(Extracted records)
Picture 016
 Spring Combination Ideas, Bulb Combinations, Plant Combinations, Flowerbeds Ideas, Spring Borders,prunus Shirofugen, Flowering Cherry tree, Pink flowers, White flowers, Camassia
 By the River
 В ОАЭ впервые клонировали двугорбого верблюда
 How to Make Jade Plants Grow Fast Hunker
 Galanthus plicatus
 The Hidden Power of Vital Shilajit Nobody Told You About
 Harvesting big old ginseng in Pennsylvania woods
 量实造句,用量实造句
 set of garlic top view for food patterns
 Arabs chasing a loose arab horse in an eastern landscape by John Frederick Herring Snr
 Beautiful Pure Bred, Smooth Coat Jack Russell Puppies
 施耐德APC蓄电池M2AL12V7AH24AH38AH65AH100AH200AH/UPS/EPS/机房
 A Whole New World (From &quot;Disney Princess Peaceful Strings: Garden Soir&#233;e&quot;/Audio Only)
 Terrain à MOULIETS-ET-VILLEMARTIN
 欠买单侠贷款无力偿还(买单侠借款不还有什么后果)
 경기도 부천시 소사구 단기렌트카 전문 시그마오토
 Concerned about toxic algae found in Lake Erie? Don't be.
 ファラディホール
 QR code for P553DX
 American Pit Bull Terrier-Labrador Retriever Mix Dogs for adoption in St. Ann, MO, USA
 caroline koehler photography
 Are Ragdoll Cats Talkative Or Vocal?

* **EXERCISE REQUIREMENTS**
Retype only this portion of the data above: the line containing "How to Make Jade Plants Grow Fast Hunker", the line containing "Beautiful Pure Bred, Smooth", and all lines between them, exactly.

* **SOLUTION BELOW**
 How to Make Jade Plants Grow Fast Hunker
 Galanthus plicatus
 The Hidden Power of Vital Shilajit Nobody Told You About
 Harvesting big old ginseng in Pennsylvania woods
 量实造句,用量实造句
 set of garlic top view for food patterns
 Arabs chasing a loose arab horse in an eastern landscape by John Frederick Herring Snr
 Beautiful Pure Bred, Smooth Coat Jack Russell Puppies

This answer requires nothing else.